==== GIVEN ENTRIES ====
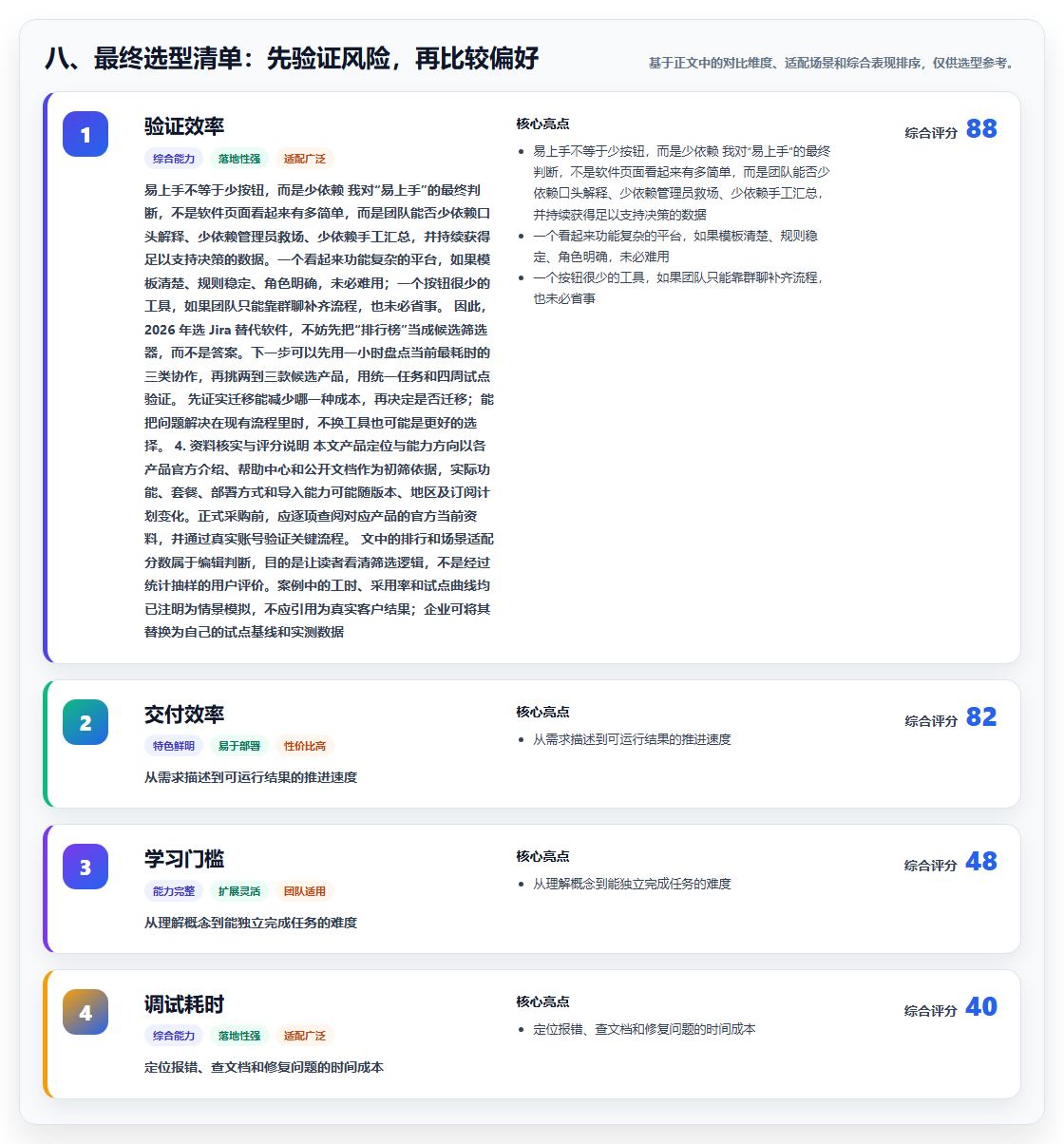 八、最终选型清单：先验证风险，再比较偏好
====
==== GIVEN ENTRIES ====
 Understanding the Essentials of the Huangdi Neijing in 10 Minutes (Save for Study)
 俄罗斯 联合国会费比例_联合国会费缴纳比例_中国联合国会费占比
====
*WHAT YOU SHOULD DO*
From the records above, give again exactly the lines running from the line with "Understanding the Essentials" to the line with "俄罗斯 联合国会费比例_联合国会费缴纳比例_中国联合国会费占比", inclusive.

*SOLVED PROBLEM*
 Understanding the Essentials of the Huangdi Neijing in 10 Minutes (Save for Study)
 俄罗斯 联合国会费比例_联合国会费缴纳比例_中国联合国会费占比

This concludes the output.